I am afraid this will be a general, visual post rather than a technical one, I took these photos just before I left the factory on Friday and I didn’t note down any of the details of the pair of pistols, the main and obvious question being the bore size. I was slightly (actually very) overwhelmed by the quality and condition of the whole package and the details seemed irrelevant at the time.
The Howdah pistol was the ‘last line of defence’ for a hunter high on top of an elephant whilst hunting tiger. If a Tiger was to charge the elephant and climb up to attack the people occupying the Howdah there was little room in which to defend oneself at the last moment, it was likely that the muzzle loading long arm had been discharged by this time.. Hence the Howdah pistol the short barrel, large bore firearm that could be drawn and manoeuvred in tight space, providing a killing blow, or in the case of this pair 4 barrels, 4 killing blows.
I have always liked very much the whole concept of the Howdah pistol and it was always something that I wanted to make a current version of, a large bore rifle cased together with a matching double barrel Howdah pistol. Our laws on barrel length and pistols has prevented that project from ever happening which is a shame.

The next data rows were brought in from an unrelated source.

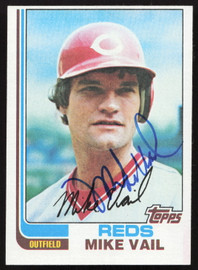 Mike Vail Autographed 1982 Topps Card #194 Cincinnati Reds SKU #263672
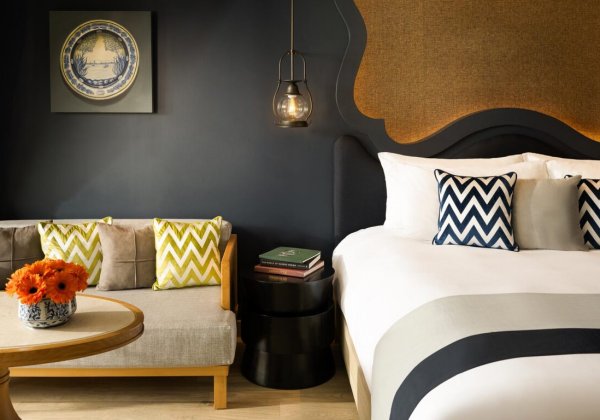 Deluxe Garden View Pool Access Suite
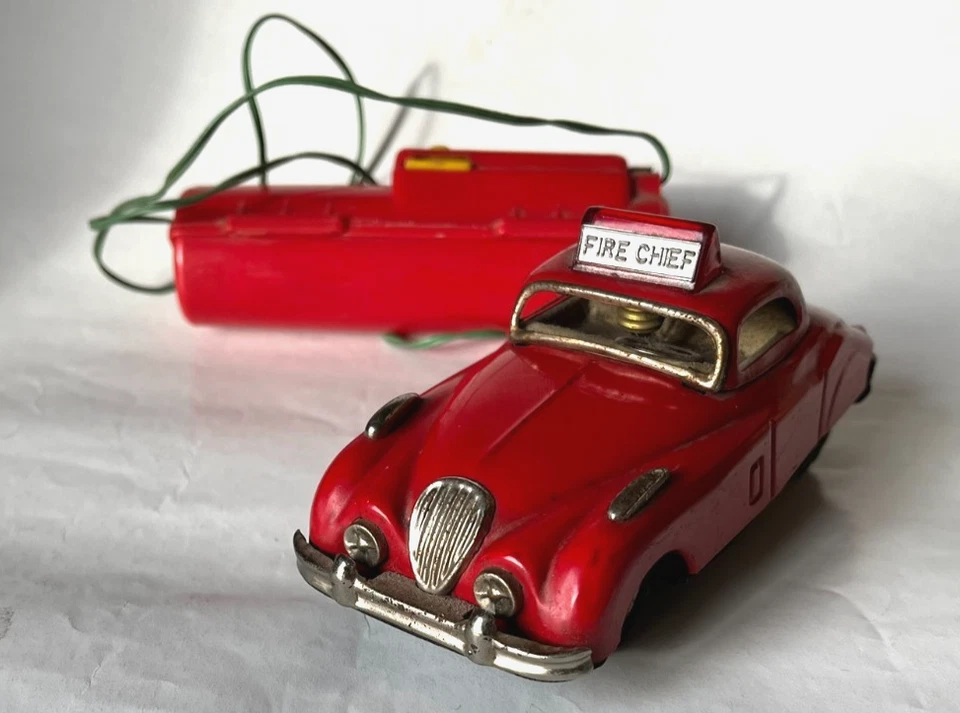 Jaguar XK 150 1959 Fire Chief Empire Made Tin Tinplate Friction 15cm Long - Image 2 of 4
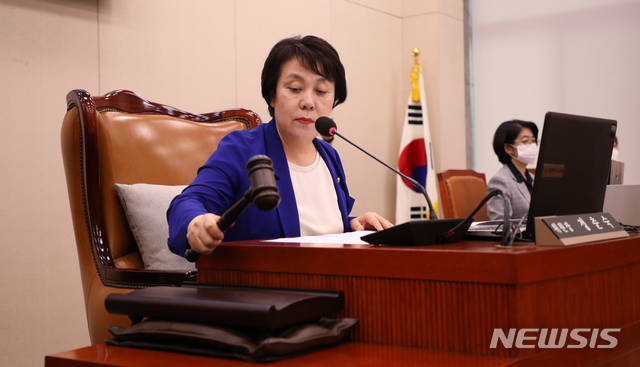 [서울=뉴시스]김선웅 기자 = 정춘숙 국회 여성가족위원장이 30일 오전 서울 여의도 국회에서 열린 여성가족위원회 전체회의에서 의사봉을 두드리며 개의를 선언하고 있다. 2020.06.30. mangusta@newsis.com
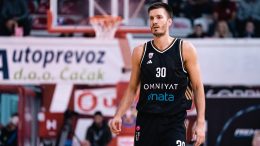 Problem za Dubai pred plej-of, Petrušev van stroja
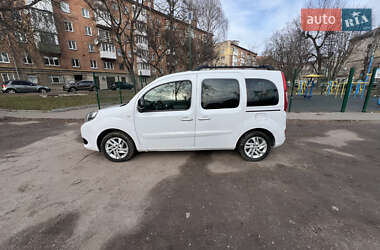 Минивэн Renault Kangoo 2014 в 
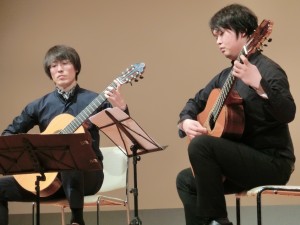 審査員演奏　（左）永田参男　（右）奥野隆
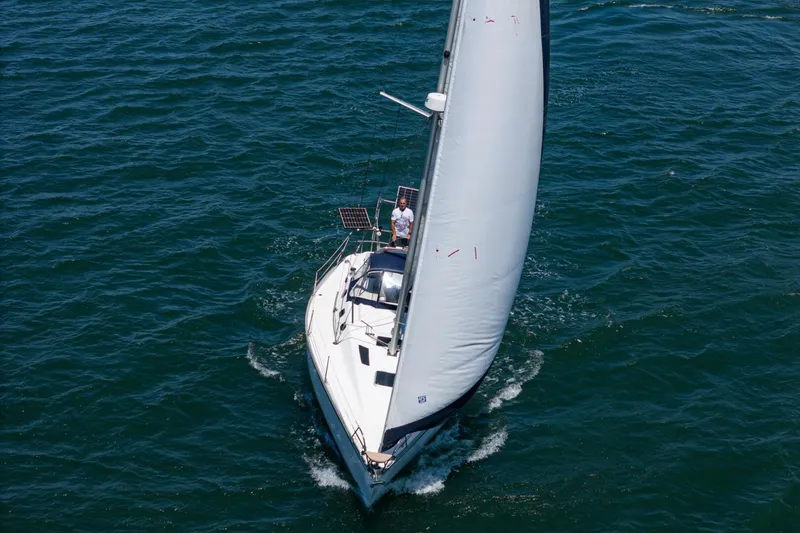 Slide: The Image of Hunter 37 1988 - 5604104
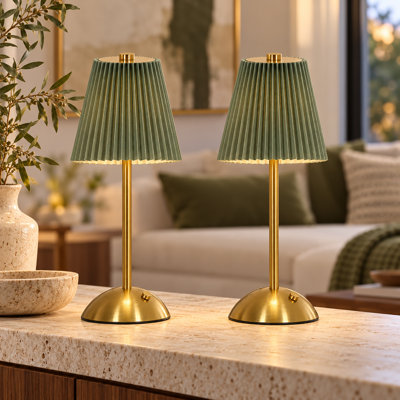 Lampe de bureau rechargeable à intensité variable avec tissu plissé vert sauge, forme conique, idéale pour les tables d'appoint des salons d'hôtel.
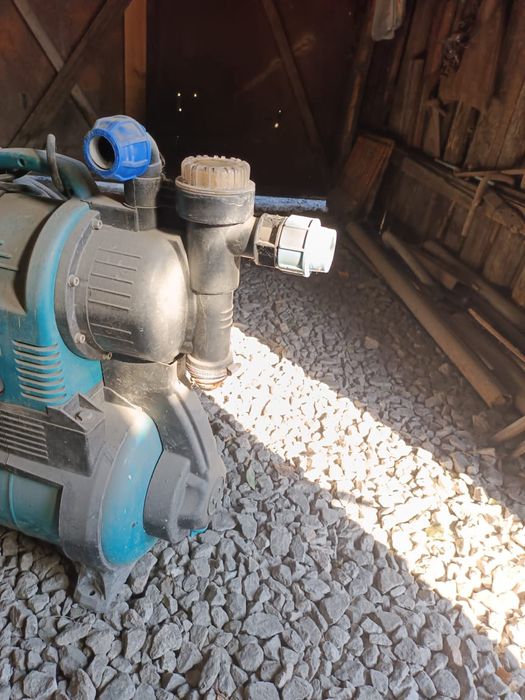 Продам насос ,почти новый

Whilst I have seen a small amount of Howdah pistols in my years dealing, they are certainly not common and they have normally been single and quite plain models. I had a pair of Holland & Holland .577 Howdah pistols many years ago at Las Vegas and I remember them selling in a flash.
This pair is quite unique and the condition is remarkable, all the accessories down to spare springs numbered for each lock. One of the oil bottles even has the seal unbroken and contains the very oil filled with 150 years ago, quite remarkable!
This sculpture is at the Royal Armoury in Leeds where the National Collection of Firearms is held. It depicts very well the drama of the tiger hunt and the moments leading up to where a Howdah pistol would be useful if the shot he has held is a miss!